Who defines creativity?

I recently read a Forbes article titled, How To Think Like Steve Jobs, by Carmine Gallo. The point of the article is that creativity is not unique to any one person, and that everyone can do what Steve Jobs does. Carmines only point is that the creativity is simply connecting things? I agree with him that creativity is connecting things (very simple def)- but I don’t agree that all people can be creative (at least not to the same level).

Here is what we do know about creativity. Thanks to great researchers and brain experts like Dr. Daniel Amen (see Youtube video at the end of this blog of him on Larry King Live with other experts) we know that creativity is a core function of the brain. Like many functions of the brain, creativity can be restored, strengthened, and even created itself. But it is not easy and it takes conscious effort.

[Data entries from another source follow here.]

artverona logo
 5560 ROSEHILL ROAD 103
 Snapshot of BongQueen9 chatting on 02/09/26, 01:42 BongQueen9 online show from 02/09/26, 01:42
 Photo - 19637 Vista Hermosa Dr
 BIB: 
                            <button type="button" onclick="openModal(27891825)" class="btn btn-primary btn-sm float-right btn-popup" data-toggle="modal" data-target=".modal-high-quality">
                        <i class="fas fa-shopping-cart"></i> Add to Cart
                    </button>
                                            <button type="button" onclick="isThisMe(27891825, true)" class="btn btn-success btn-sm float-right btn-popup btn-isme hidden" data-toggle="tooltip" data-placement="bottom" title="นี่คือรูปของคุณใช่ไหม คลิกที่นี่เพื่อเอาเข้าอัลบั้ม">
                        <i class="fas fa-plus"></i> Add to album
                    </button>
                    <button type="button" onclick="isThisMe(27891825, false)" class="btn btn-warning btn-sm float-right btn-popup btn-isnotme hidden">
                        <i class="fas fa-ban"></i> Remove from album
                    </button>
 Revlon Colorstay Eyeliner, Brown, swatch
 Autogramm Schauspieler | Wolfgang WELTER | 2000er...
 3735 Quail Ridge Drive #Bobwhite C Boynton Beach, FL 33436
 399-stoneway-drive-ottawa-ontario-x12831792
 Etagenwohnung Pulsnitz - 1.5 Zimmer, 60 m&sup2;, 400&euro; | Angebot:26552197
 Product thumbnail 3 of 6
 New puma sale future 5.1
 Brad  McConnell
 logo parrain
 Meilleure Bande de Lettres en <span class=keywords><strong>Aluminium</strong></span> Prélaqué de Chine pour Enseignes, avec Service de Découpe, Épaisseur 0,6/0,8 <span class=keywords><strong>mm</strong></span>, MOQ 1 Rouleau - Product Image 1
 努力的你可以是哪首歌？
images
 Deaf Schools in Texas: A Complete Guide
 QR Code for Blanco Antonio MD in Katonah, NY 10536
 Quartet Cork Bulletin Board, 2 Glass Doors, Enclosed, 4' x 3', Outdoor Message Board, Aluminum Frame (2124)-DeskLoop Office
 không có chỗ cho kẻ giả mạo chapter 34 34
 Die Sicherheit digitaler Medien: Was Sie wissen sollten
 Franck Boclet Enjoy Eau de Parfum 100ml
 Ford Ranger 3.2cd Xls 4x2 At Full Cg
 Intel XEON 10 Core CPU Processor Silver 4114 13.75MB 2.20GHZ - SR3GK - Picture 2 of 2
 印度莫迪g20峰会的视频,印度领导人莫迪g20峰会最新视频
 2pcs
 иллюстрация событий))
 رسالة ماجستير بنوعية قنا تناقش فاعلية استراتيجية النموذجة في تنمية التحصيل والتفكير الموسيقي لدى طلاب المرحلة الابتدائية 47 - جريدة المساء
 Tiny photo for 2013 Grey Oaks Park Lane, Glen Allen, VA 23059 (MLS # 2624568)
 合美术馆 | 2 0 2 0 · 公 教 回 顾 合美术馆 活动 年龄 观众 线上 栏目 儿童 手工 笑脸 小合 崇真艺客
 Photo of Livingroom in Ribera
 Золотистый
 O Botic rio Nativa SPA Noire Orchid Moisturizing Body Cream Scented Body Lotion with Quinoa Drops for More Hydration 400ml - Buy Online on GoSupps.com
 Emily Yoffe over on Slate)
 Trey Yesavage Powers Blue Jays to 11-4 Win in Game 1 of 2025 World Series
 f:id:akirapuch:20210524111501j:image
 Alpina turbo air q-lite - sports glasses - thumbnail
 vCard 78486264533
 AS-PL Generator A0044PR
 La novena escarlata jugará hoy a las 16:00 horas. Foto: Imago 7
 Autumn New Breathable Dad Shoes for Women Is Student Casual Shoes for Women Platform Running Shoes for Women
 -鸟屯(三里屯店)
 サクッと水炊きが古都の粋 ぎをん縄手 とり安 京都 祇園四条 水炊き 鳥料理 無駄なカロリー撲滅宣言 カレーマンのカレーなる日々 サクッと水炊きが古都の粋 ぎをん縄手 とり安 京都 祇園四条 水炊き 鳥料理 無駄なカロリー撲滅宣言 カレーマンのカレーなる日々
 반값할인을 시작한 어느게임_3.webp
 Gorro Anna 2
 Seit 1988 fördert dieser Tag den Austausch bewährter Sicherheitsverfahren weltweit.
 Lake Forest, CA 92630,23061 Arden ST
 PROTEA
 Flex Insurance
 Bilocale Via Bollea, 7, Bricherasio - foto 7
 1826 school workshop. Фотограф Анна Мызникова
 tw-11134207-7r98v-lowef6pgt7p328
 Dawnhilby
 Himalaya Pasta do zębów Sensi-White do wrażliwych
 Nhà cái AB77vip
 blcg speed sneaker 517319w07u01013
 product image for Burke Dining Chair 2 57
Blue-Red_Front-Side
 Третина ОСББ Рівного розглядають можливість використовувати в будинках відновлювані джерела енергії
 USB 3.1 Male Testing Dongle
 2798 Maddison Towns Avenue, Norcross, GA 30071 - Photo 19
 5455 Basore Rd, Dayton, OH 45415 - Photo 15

Here are three things that you can do to spark creativity:

  1. Challenge your both sides of your brain intellectually. It is proven that creative people use hard facts (right brain) to develop new ideas (left brain). Creativity is function of your whole brain. If you cannot easily move back and forth, practice it.
  2. Challenge both sides of your brain physically. This goes back to point #1. One way to practice is participate in physical exercises that where you are crossing the center line with purpose. An example of this is throwing a ball, alternating hands that you use to throw. I also suggest you take up a Yoga class.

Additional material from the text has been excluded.